Exact copy, no pictures: set down the lines from the one holding "Внедорожник / Кроссовер" through the final line of the records below.

-*-*-

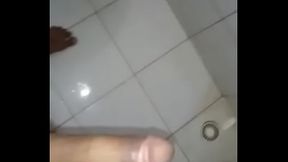 Novinho dotado na punheta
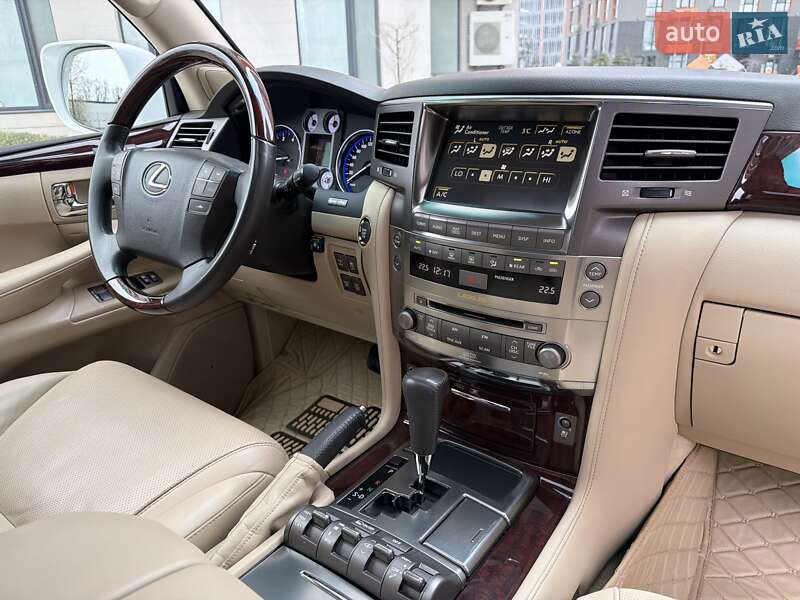 Внедорожник / Кроссовер Lexus LX 2008 в Киеве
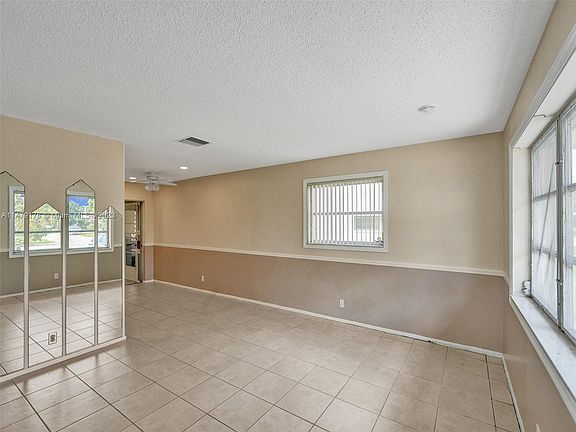 5th image of 4719 Mainland Dr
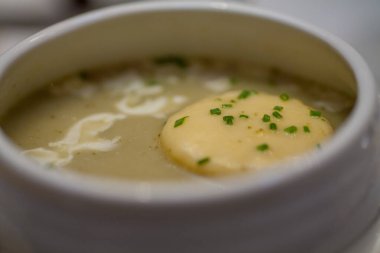 Tatmin edici bir yemek için, Frenk soğanı, ekşi krema veya peynirle tamamlanmış zengin ve kremalı patates çorbasını kaçırmayın.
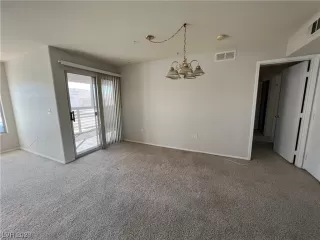 Photo #4: 2535703 Listing 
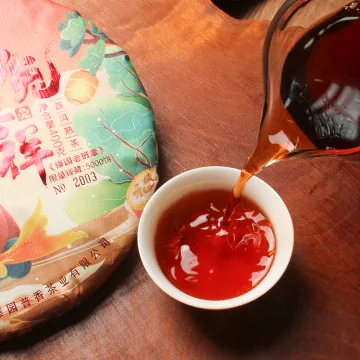 傣园普香 瑞兔呈祥 兔年生肖纪念饼 普洱茶 熟茶 2023年 400克/饼 图3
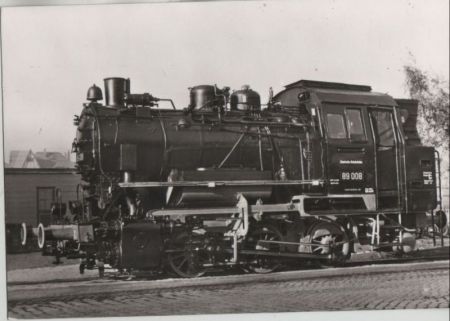 Dampflokomotive 89 008 stehend Dampflokomotive 89 008 stehend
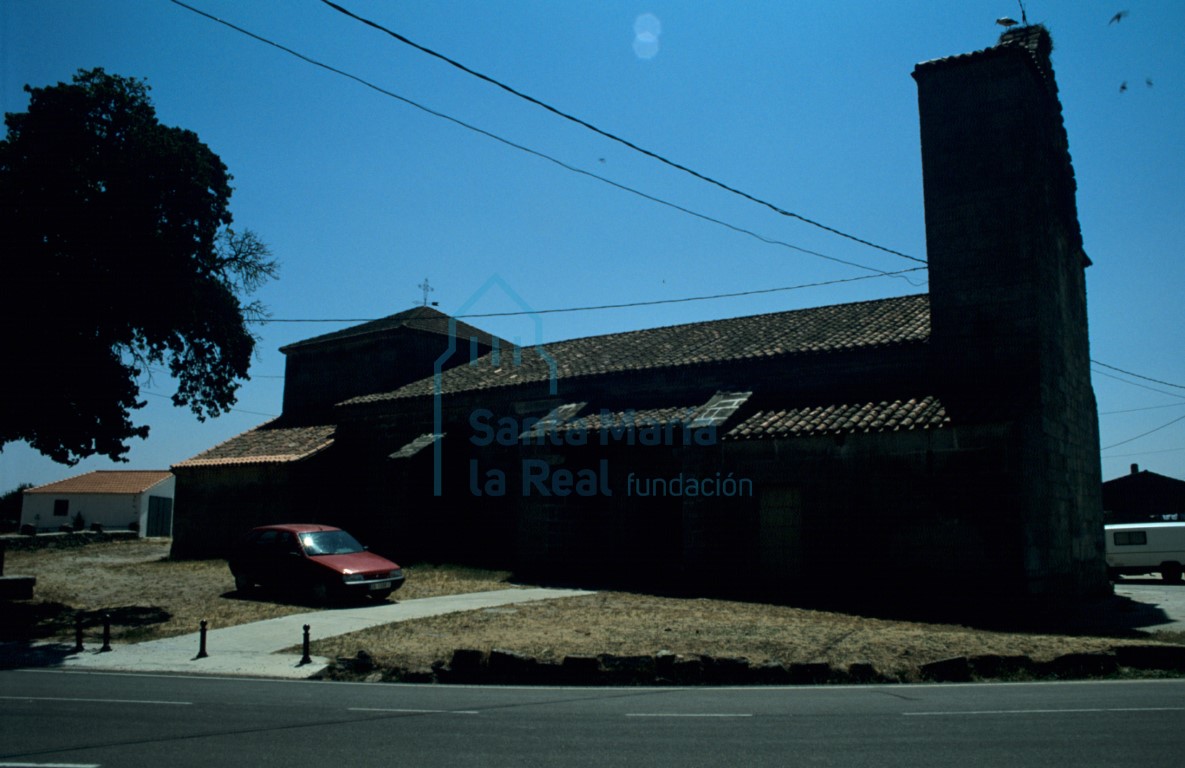 Vista del exterior de la iglesia desde el lado noroeste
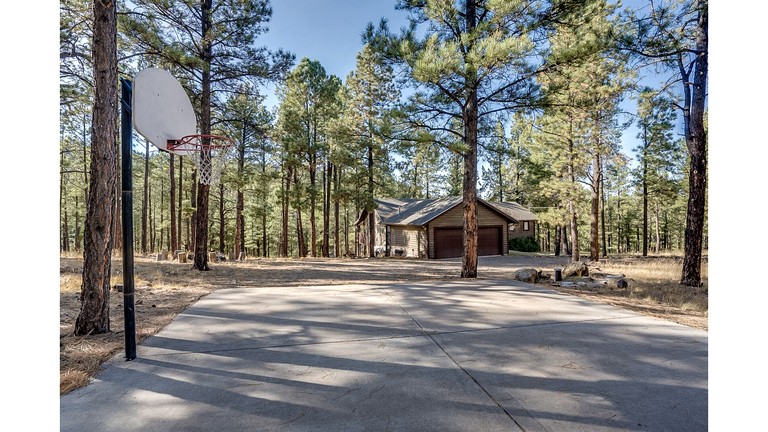 Cabins (United States of America, Greer, Arizona)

-*-*-

• WRITTEN SOLUTION
 Внедорожник / Кроссовер Lexus LX 2008 в Киеве
 5th image of 4719 Mainland Dr
 Tatmin edici bir yemek için, Frenk soğanı, ekşi krema veya peynirle tamamlanmış zengin ve kremalı patates çorbasını kaçırmayın.
 Photo #4: 2535703 Listing 
 傣园普香 瑞兔呈祥 兔年生肖纪念饼 普洱茶 熟茶 2023年 400克/饼 图3
 Dampflokomotive 89 008 stehend Dampflokomotive 89 008 stehend
 Vista del exterior de la iglesia desde el lado noroeste
 Cabins (United States of America, Greer, Arizona)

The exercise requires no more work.